America’s fight reflex

I’m unhappy about the number of times I hear the word “fight” invoked in political discourse from representatives on both sides of the aisle. “I will fight for you” has become standard fare for politicians seeking public support, along with “fighting for legislation,” “fighting for your rights,” and “fighting against” this or that. It prompts the question: why is the concept of fighting so attractive to Americans?

I suppose part of the answer lies in the simplistic view of American history, namely that our democratic country was established through violent revolution and has survived through centuries of warfare. The elevation of military prowess to a virtue has buttressed our love of fighting, buried as it is within justifications about protecting liberty and defending justice; our love of guns is no coincidence. In considering the defeating of Nazi Germany and Japan in World War Two, such justifications are reasonable; when it comes to the Vietnam War and military adventure in the Middle East, such justifications fail.

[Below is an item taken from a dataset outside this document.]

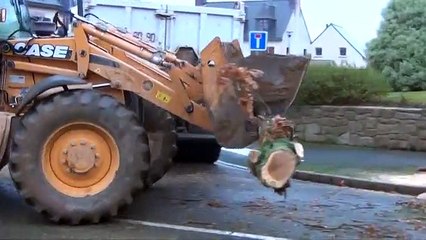 Comme un arbre dans la Ville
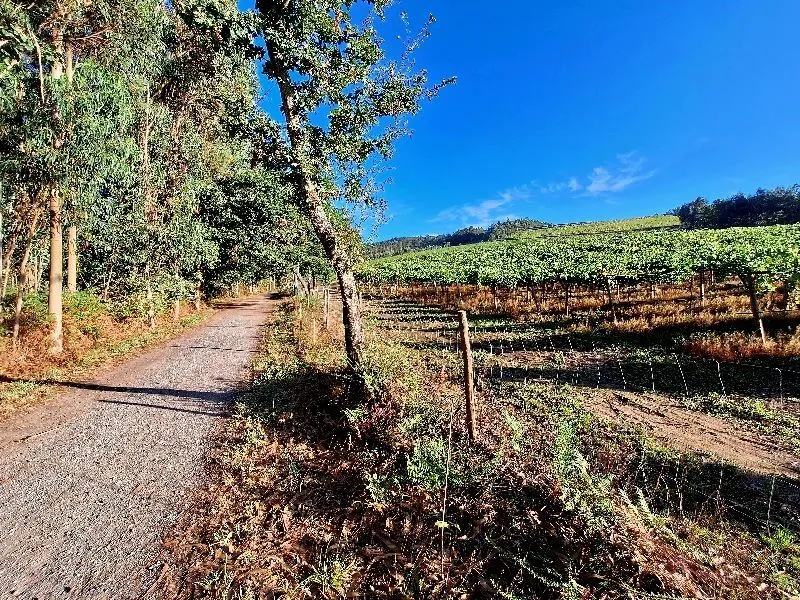 Route afbeelding slider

Overall, nationalism has relied on fighting as a necessary ingredient. Great Britain, for example, has been at war or occupied 171 of the 192 nations of the world. America maintains hundreds of military bases around the world. The ideas of toughness and fighting are conflated with each other and are considered the conjoined twins of nation-building. Whether from the bottom up or the top down, fighting seems central to national identity. Both Gandhi and Martin Luther King proved, however, that toughness need not mean fighting.

We’ve accepted a distortion of Darwinism, (Darwin never used the phrase “survival of the fittest,”) and have come to accept that only people who fight for survival will succeed. This meme fuels the aggressive and predatory capitalism destroying our planet. It is trust and cooperation that ensures human success, however, establishing a social order wherein all members of society find value and can participate. Of all organizational approaches, relying on physical force is the most primitive and destructive; in the end it always fails.

The idea of strength – the power of physical force – sits behind fighting, and as we witnessed in the January 6th attack on the Capitol building in Washington, D.C., the need to fight was taken literally by an enraged mob incited by Donald Trump. Trump loves the word “fight” and used it frequently during his incitement of the mob. In his mind, and the mind of many, the opposite of being a fighter is being a weakling. To my mind, the opposite of being a “fighter” is a “lover.”

More than ever, America needs loving right now, not fighting. I’m not talking about the mindlessly sentimental “let’s all get along” sort of love; rather, I’m talking about the tougher love of understanding that we are one global human family on an increasingly vulnerable planet and need to take care of each other and our environment with all the tough love we can muster, or we’re doomed. All families have conflict, disagreements and struggles, but endless fighting rips families apart, it does not bring them together. The way we use language plays a role.

I greatly prefer other terms for the ways in which political effort can be made. Instead of “fight” I find “struggle, exert, defend, work, strive, endeavor, aspire,” and “advocate” much better and far more positive. I’m tired of all the fighting, and I think I share that feeling with many.

3 thoughts on “America’s fight reflex

  1. I agree, completely. Is this erroneous thinking or consistent programming to maintain a thriving military-industrial-complex?

  2. I agree. I don’t like fighting and I’m tired of the US continuing to champion that method of “problem-solving”. Nice column!